HARARE ON 26th NOVEMBER, 2014		            CASE NO. LC/H/APP/908/14

AND 19th DECEMBER, 2014

In the matter between

BLESSING MUROMBA       			–	Applicant

And

CAIRNS FOODS LTD.				–	Respondent

Before The Honourable P. Muzofa, J.

For Applicant    :	A. Chambati (Legal Practitioner)

For Respondent :	Mr T. Nyamasoka (Legal Practitioner)

MUZOFA, J.

This is an application for Interim Relief pending an appeal made in terms of Section 92E(3) of the Labour Act [Cap 28:01]  (the Act).

On the date of hearing of this matter the Applicant made an oral application to have the Court admit a supplementary affidavit by Applicant and an amendment to the draft order. Respondent opposed this application on the basis that the supplementary affidavit addressed issues that were not before the Court. The said issues were arising from proposed amended grounds of appeal which amendment had not been sought and granted by the Court. The Court granted this application and indicated that reasons will follow. The supplementary affidavit seeks to address the amendment on the draft order. It is my considered view that an applicant being the prosecutor of this matter should be given an opportunity to express exactly what he seeks the Court to do.

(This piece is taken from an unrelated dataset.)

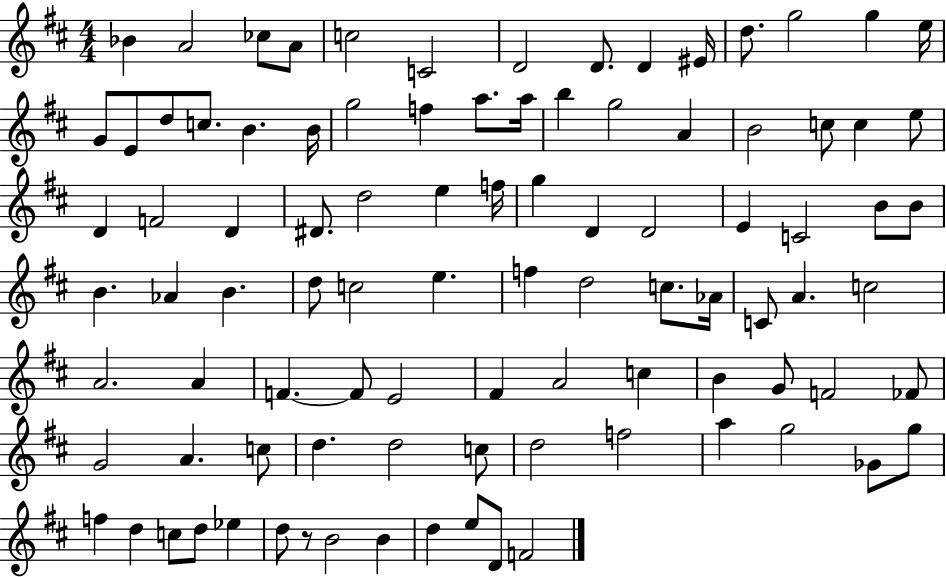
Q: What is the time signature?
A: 4/4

This will inevitably lead to the proper ventilation of a case.

The order that the Applicant seeks as amended is couched as follows:-

The arbitral award by arbitrator Gabilo dated 11 November 2014 between the applicant and the respondent and anything else arising from it or emanating from it be and is hereby suspended pending the appeal filed under case number LC/H/1032/14.

The respondent be and is hereby ordered to pay the applicant her arrear salaries and benefits for the period 17th of December 2013 to 30th November 2014 pending the determination of her appeal under case number LC/H/1032/14.

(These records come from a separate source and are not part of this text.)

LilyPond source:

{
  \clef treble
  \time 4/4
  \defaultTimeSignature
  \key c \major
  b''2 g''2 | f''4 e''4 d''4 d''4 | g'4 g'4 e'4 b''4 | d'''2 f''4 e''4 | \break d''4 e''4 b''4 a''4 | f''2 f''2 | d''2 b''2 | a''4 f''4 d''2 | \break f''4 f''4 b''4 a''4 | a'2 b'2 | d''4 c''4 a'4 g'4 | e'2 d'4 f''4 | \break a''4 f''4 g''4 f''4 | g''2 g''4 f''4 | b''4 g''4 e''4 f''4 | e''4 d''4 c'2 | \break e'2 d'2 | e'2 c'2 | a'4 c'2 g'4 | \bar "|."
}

The arbitral award by Honourable Gabilo was in the following terms;

That the suspension of claimant be lifted forthwith.

That the respondent institute proceedings in terms of the company Code of Conduct and resolve the matter within 14 days from the date of receipt of this award.

The Respondent opposed the application and raised a preliminary issue that the application had been overtaken by events. The basis of this submission being that both parties had given effect to the award. It was submitted that Applicant reported for duty on 17th November 2014 and thereafter was on paid leave. On 21st November 2014 a disciplinary hearing was conducted against Applicant giving effect to the second part of the arbitral award. In any event, it was submitted by the Respondent the Applicant’s second request for payment of salary arrears is a declaratory order and this Court has no jurisdiction to grant such an order. In response the Applicant argued that this is an application for Interim Relief it being two fold, for the Stay of Execution and an order for payment of arrear salaries.

The first issue that falls for determination is whether the arbitral award was given effect to and therefore this application is of no consequence. The second part of the arbitral award ordered the respondent to institute disciplinary proceedings within 14 days. Respondent submitted that the Applicant was reinstated albeit on paid leave and disciplinary proceedings were conducted. As of the date of hearing of this case the Applicant was waiting a ruling on the penalty. To my mind clearly there is nothing to suspend. The Applicant’s suspension has since been uplifted, that is why she was being paid. Respondent has complied with the arbitral award to conduct a hearing. Clearly the Applicant’s prayer to have the award suspended has been overtaken by events.  I agree with Respondent this part of the application should not be allowed to see the light of day. It seems the Applicant also conceded to this position.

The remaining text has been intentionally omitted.